Originally from Cleveland, Spellman spent his junior year at the MacDuffie School in Granby, Mass., before he transferred to St. Thomas More, an all-boys boarding school set on a lake in Connecticut. At graduation, Spellman, who was rated 16th in the 2016 edition of ESPN's Top 100 recruits, was ruled academically ineligible after he did not complete all his requirements in time to play at Villanova.
Shackelton used the extra year to mold the recruit into shape. First up: Field trips to Whole Foods.
Spellman was no different than many incoming college players whose diet includes a lot of processed foods, sugars and fast food, Shackelton said. Only some players can do OK on junk food.

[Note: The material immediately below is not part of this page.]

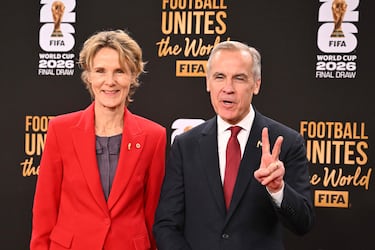 El Primer Ministro de Canadá Mark Carney y su mujer Diana Fox Carney.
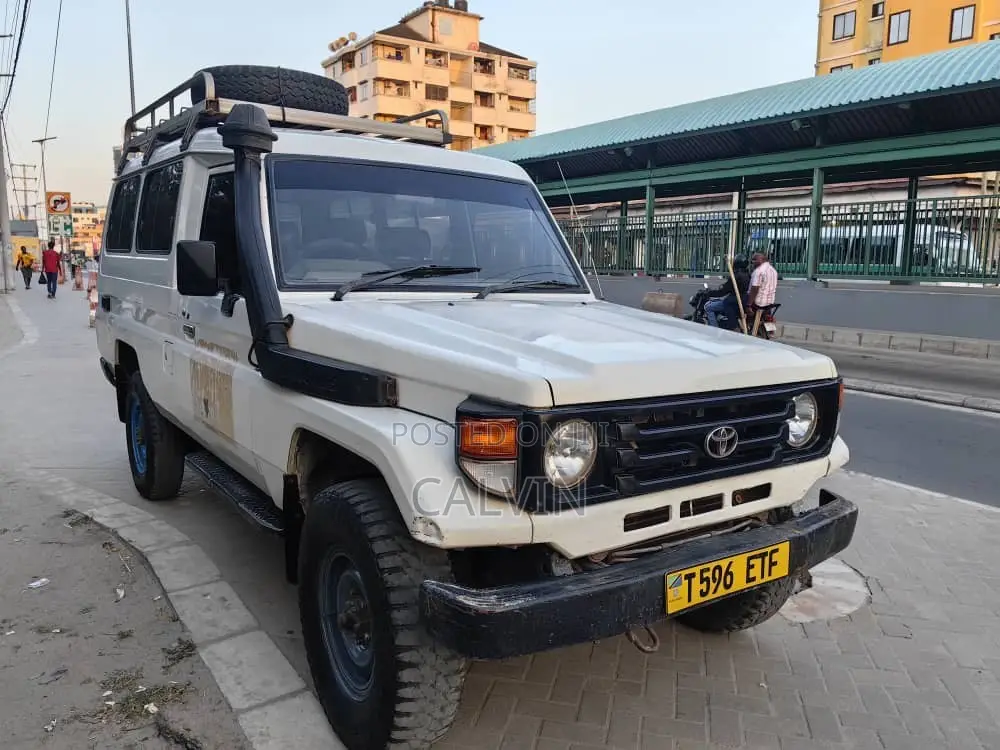 Toyota Land Cruiser 2008 White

"Omari is the kind of guy who can't break those down," Shackelton said. He spent breakfast, lunch, and dinners teaching Spellman about balancing proteins, good fats, and healthy carbohydrates, including lots of vegetables.
Sugar was out; nuts, fruits and water were in.
They worked on finding healthy meals and snacks at Whole Foods to bring back to the dorm. "They have great prepared foods," Shackelton said.
Sleep also needed to become a priority for the young athlete.
"He wasn't sleeping as much as he should have been," said Shackelton, explaining that he'd gotten into the habit of playing video games at night. Once he got into a better schedule with twice-daily workouts starting at 6 a.m., the freshman forward was almost forced to learn how to sleep.
Shackelton also devised a workout plan that included bench pressing, squats, pushups, pullups, body awareness — key when you're as tall as these players — and walking on a treadmill with a weighted vest — at an incline
There was also 90 minutes of hot yoga, in steamy conditions to elicit maximum sweat and flexibility.
"It's horrible at first," Shackelton said. "Your body gets adapted, and you feel the benefit. It's an unbelievable class."
Spellman embraced the changes.
He dropped 20 pounds the first summer and his body fat fell to about 18 percent. He now weighs 245 with 10 percent body fat, Shackelton said.
"He is the type of dude who wants to know how to do things the right way," said Shackelton. He described Spellman as "very coachable."
"I just improved my diet, my work habits," Spellman told the MassLive website recently.
A much lighter, more agile Spellman, averaging 10.9 points and 7.8 rebounds per game in his first season, was named the Big East Freshman of the Year.
"I just want to continue to live a healthy lifestyle for the rest of my life," Spellman told MassLive. "I want to be healthy for my children and grandchildren. I want to do things with them. It's not about basketball as much anymore."
When it comes to weight loss, more people fail than succeed. What was Spellman's secret?
"There is no secret program," said Shackelton. It was up to Spellman to bring the effort, he said.